Was the affair exposed?
Do you have children?


----------



## toolate (Sep 22, 2009)

Just know that he may be easily irritated by things you do if they are different then what the OW did that he liked. He may think in his head "well, she never would have said that" or something similar. I know that I would get so frustrated with my husband when he wouldnt talk with me, or allow me to seduce him for myself and for thinking about what the OM did with me and allowed me to do to him. It made me wonder about restarting things, but I didnt. I stayed focused and began to replace + thoughts of the other person with other things... he doesnt like football, doesnt even know the scores and I LOVE football, or it would be awful to live with a husband who was unemployed and cheating (he lost his job a few months after we stopped seeing each other). I actually feel sorry for HIS wife!

In other words, your husband will need to be willing to reframe how he views his time with the other woman. I can safely say that I am at a point where I wouldnt want to be "his" woman... it was ok being the side fling, but he is not responsible enough. 

That being said, he has to be over her in order to do that. I dont how long they were together and how long it has been since they stopped or how intense a connection they had.

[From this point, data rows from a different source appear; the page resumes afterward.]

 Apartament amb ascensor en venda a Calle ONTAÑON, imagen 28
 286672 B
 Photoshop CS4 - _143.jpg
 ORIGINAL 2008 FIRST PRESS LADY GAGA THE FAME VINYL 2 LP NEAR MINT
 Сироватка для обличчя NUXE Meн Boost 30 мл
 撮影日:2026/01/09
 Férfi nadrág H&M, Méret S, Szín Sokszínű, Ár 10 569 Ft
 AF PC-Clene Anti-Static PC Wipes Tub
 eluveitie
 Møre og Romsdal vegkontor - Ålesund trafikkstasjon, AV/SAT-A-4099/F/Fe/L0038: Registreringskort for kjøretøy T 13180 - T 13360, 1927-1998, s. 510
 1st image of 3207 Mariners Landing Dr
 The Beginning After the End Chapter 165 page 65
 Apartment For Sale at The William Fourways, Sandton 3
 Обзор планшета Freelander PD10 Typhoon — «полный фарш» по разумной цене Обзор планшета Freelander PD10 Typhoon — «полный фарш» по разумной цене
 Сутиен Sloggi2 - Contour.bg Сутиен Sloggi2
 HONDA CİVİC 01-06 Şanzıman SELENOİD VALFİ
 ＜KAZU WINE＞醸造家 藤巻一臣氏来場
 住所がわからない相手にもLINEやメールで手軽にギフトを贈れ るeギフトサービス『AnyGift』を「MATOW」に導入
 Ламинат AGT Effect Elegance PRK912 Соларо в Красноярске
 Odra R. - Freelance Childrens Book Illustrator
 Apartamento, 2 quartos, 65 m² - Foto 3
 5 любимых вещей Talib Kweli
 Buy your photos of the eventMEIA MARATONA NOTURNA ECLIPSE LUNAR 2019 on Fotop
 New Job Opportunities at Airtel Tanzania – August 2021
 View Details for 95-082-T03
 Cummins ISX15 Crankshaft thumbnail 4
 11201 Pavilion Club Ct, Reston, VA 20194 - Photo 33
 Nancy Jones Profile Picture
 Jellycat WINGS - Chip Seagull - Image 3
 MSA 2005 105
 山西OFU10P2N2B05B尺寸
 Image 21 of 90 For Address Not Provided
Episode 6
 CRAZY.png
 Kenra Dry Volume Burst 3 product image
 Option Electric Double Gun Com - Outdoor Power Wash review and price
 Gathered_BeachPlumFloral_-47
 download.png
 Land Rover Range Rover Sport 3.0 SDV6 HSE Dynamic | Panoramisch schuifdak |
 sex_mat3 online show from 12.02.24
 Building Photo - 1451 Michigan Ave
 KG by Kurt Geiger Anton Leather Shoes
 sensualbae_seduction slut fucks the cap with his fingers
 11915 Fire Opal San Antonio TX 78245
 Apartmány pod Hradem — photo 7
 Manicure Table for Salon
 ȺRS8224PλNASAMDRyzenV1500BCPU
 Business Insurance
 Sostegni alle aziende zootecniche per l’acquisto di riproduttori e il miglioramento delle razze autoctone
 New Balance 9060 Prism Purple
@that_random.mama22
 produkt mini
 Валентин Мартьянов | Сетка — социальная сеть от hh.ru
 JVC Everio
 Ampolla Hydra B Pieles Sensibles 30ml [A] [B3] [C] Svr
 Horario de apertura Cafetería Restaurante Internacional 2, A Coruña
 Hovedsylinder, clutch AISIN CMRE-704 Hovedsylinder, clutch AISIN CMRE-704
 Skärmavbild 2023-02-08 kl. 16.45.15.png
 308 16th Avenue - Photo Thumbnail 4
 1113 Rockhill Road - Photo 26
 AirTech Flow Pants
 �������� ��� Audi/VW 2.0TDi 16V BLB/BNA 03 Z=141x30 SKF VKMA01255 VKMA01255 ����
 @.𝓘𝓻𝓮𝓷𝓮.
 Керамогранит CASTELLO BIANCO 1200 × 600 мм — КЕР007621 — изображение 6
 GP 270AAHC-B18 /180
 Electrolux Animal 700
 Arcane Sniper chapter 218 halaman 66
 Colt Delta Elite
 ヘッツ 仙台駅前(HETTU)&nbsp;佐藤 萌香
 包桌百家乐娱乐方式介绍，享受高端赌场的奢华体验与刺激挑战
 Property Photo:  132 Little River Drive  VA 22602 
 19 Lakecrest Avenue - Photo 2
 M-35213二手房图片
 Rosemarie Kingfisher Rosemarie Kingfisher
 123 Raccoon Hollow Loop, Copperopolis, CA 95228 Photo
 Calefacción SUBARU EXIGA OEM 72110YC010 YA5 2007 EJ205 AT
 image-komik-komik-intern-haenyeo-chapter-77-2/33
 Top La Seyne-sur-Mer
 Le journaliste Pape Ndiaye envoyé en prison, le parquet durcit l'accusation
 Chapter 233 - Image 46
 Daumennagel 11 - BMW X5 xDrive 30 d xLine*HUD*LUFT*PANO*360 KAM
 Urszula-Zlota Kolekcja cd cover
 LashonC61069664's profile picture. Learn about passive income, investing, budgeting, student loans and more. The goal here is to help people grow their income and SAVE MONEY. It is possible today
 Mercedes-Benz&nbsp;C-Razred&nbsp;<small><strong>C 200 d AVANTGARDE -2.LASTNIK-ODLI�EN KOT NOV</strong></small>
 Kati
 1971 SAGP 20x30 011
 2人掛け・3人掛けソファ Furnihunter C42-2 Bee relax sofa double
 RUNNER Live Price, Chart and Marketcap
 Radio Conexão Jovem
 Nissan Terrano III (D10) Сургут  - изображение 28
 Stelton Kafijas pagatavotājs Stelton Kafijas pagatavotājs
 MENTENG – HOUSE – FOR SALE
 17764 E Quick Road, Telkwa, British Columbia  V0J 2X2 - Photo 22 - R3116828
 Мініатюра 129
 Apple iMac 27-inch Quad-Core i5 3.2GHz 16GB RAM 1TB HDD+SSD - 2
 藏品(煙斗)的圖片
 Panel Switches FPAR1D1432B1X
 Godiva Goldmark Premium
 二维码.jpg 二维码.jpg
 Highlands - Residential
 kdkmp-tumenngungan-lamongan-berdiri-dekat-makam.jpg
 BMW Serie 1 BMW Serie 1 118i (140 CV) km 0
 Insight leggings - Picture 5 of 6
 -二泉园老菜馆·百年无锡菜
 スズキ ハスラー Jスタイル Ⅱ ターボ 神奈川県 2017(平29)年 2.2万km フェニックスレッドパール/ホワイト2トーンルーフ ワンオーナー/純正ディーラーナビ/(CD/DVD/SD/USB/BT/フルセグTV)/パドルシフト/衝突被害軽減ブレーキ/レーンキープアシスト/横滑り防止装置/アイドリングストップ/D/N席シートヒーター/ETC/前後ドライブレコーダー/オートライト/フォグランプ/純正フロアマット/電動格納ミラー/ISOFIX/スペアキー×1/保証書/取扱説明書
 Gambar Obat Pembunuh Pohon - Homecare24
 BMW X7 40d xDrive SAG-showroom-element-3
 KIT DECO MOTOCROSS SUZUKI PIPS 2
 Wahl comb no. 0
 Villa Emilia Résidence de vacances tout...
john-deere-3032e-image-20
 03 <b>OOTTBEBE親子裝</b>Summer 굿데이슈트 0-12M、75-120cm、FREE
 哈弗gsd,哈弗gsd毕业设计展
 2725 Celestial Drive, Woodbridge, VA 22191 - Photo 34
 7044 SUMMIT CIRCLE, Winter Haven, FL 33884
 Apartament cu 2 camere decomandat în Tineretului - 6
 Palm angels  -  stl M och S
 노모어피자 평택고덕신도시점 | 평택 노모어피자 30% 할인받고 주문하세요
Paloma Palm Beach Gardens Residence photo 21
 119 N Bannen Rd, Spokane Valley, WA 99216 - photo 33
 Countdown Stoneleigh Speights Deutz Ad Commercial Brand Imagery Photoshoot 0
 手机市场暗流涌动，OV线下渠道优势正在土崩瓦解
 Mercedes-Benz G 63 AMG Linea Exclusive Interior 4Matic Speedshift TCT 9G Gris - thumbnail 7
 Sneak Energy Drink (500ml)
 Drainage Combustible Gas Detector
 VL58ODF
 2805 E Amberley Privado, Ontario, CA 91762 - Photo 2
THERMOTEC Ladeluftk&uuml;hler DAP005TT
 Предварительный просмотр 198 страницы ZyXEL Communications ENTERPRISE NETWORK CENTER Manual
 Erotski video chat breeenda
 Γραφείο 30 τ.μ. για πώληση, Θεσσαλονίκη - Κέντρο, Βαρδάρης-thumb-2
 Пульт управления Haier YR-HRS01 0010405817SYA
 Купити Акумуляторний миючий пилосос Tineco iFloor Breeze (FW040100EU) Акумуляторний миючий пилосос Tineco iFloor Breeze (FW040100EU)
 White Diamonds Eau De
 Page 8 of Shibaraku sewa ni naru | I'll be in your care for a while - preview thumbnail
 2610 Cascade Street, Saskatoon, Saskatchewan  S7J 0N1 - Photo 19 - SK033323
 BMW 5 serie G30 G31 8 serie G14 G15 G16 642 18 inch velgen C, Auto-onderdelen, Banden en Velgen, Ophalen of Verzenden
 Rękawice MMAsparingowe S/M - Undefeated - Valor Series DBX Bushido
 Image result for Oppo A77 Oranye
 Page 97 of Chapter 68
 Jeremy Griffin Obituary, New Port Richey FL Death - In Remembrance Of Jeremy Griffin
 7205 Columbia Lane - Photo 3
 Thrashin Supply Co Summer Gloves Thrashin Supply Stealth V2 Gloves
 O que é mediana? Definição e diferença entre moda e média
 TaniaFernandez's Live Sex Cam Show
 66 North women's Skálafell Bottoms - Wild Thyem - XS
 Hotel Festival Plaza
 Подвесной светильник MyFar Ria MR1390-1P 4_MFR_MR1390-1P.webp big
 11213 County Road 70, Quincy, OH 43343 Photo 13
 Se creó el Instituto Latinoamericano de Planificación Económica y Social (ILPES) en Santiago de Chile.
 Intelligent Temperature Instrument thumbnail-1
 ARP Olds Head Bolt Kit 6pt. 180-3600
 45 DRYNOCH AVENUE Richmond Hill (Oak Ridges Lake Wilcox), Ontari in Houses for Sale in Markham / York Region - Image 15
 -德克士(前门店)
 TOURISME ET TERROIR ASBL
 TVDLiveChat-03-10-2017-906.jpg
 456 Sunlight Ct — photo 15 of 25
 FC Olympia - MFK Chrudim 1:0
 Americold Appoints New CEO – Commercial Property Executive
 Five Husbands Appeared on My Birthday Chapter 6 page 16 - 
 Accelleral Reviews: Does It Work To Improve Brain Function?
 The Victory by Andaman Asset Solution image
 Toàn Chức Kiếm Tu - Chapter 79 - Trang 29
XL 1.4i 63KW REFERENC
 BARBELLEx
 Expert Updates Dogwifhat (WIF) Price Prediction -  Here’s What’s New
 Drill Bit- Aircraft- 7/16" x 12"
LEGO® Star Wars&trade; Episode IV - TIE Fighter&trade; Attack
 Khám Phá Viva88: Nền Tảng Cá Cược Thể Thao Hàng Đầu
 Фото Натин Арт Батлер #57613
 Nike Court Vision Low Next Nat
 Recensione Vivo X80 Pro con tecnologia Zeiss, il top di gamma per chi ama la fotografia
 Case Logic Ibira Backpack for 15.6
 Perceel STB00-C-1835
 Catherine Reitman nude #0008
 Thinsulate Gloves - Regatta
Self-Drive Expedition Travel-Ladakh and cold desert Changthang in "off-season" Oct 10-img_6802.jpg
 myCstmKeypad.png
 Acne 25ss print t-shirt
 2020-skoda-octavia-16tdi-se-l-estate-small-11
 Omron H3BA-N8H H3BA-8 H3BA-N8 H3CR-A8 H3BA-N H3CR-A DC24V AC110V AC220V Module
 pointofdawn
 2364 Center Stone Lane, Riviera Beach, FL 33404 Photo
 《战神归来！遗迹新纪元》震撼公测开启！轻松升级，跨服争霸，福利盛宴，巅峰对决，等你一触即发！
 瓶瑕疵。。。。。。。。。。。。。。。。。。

It can happen, but he has to be open to it, and you have to be ready for it.


----------



## LilBit35 (Sep 27, 2010)

Ok so yes I am sure it is over with the OW....she dumped him and you all are right he went through a really tuff time when she broke up with him called and text all times of the day....they have had no contact since DDAY as far as I can tell which was 07/21/2010. I found out only after it had been fully over for 3 weeks but no physical contact since May. I didnt know that was the reason why he was so angry and moody but it makes since now!
He tells me that he Loves me and that yes he is in love with me...we have started the date nights and hangin out but I still go home to the home we bought and have shared togeather alone and he sits in his apartment....I dont know what he does there! I hate the things that go through my mind...I think is he texting someone else? He does still keep in touch with a girlfriend from before him and I met and I did call her and she said that nothing has gone on and he says the same thing but when I pull the cell phone records her number comes up often not every day and not all day but often...she told me that she thinks that if she told him that she wanted him back he would go in a heart beat so then what am I supposed to think...He said that isnt true but all he does is lie to me anyway!
We started seeing a new MC last night....she said to take moving back into the same house off the table that it isnt a option right now...I could tell he was happy with that answer! It just pissed me off and I wouldnt talk anymore! I dont think it is a good idea that he moves home until we can get along for more than a day but I also think he should have that as a goal...he told the MC that he is fine either way so to me it doesnt sound like he even wants to move back any time soon!
I was shocked when he made the next app because yesterday when I told him I found a new MC (he didnt like the first one) he fought me all the way...but I am glad that he likes this one even though I might not...I will give it some time!
She seems to be marriage friendly I think...I wont know beings she is new to us! She did ask if we were trying to R or part ways and he was the one that said R so that gave me a bit of hope...she kinda made me mad when she said that I will have to let the past be the past....its been a 3 months not so far past for me right now!
I drove him to his apartment and he kissed me and told me he loved me and I told him I loved him and I knew he was tired and didnt feel good but he asked me up to watch a movie and hang out which was really nice...we ate ice cream and talked he told me I could stay but I decided to leave on a good note...when I got home there was a text saying he had a good time and he loved me so maybe this MC is what we need!
I told her that I do not see R in our future if we keep fighting! She also asked me what was the one thing I needed for him to do this week that would make me feel better about us and I said stop hiding the phone, but Idont see that happening and his was for me to stop asking everyone what he has said or trying to get information...I told her that was the only way I got the truth and she said to try it for a week so I guess...
I am at a stand still I hate feeling this way...I just want my life back with out the lies and secrets and hes not there yet! I dont know if he even wants to be there.....


----------



## Affaircare (Jan 11, 2010)

I believe I can help you, LilBit35. 

I am going to suggest something that may sound a little radical, but please read to the whole end of the suggestion and think about it, okay? Just to be sure I have the facts straight, your hubby has moved out and is not living at home. He initially moved out because of his affair, but the OW broke up with him end of July. Right now, he's saying he wants to "ease back into" the marriage and you want him to stop jerking around and honor his vows!  Is that about it?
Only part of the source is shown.